I hear communication is still pretty bad between here and there; hear it’s tough getting through. Have you been able to reach your people? From what I understand communication was pretty below standard even before this thing happened. I’m guessing you don’t know much of anything. Who would? Come to think of it, you may never know if all your family is accounted for. Dear God!
Listen, dear, I understand. I really do. I’ve even had a nightmare or two. If I were in your shoes, I don’t know what I would do. I can’t even begin to wrap my brain around some of the images I’ve seen on CNN. I can’t imagine what your people must be going through. The scope of this mess is like nothing the world has ever seen. Dead bodies in wheelbarrows. Dead bodies being shoveled into mass graves. Blood everywhere. Dust and blood. No one has a name. No one is accounted for, right?

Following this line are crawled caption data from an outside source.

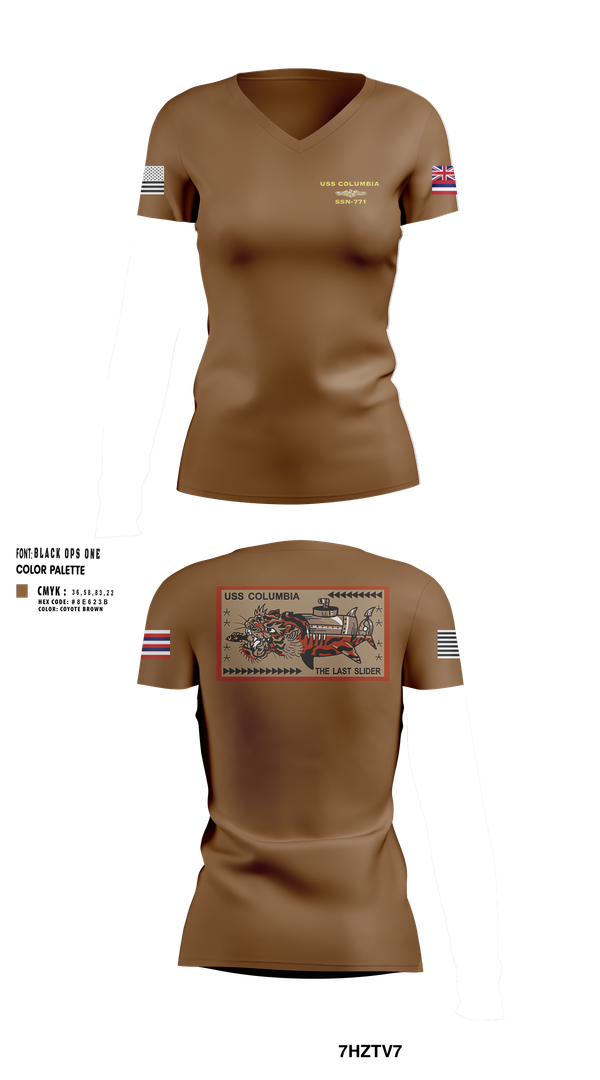 Womens Short Sleeve Vneck Shirt, USS Columbia, , Teamtime, Team time, sublimation, custom sports apparel, team uniforms, spirit wear, spiritwear, sports uniforms, custom shirts, team store, custom team store, fundraiser sports, apparel fundraiser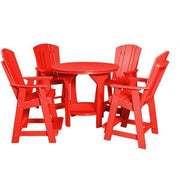 Wildridge Wildridge Heritage Recycled Plastic 5 Piece Pub Table Set Bright Red Dining Sets LCC-180-BR
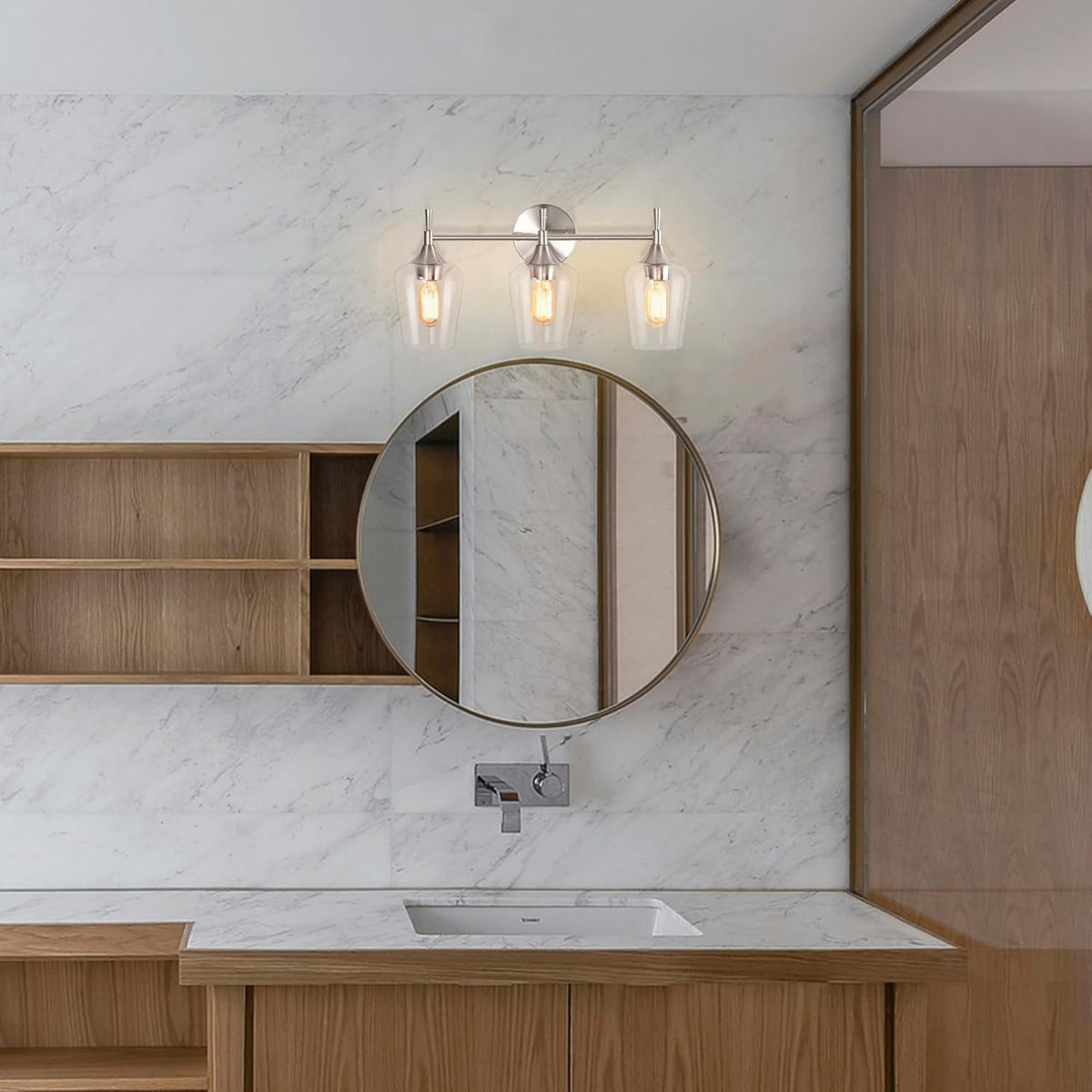 3-Light Vanity Lights, Modern Brushed Nickel with Clear Glass Shade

This sort of thing must never happen on US soil. I’ve got kids, you know: a boy and a girl, plus one on the way. Can you imagine? I don’t know what I would do if something like that happened here.
Even our military guys down in your country are having a difficult time. And some of those guys have done tours in Iraq, Afghanistan. They say your country has the desert beat by a thousand miles. I read somewhere that the soldiers now have trouble sleeping. They can’t keep food down. They’re going to need serious assistance after this quake thing blows over. War, you know, is different. You expect to see certain things on the battlefield. You expect to hear certain noises, cries. You expect to smell certain smells. You expect to see death. A lot of it, in fact. But this is not war.
My heart goes out to you, dear. And to your family. Believe me when I tell you that. My heart goes out to your country too. I’d never heard so much about that place in my entire life before the quake hit.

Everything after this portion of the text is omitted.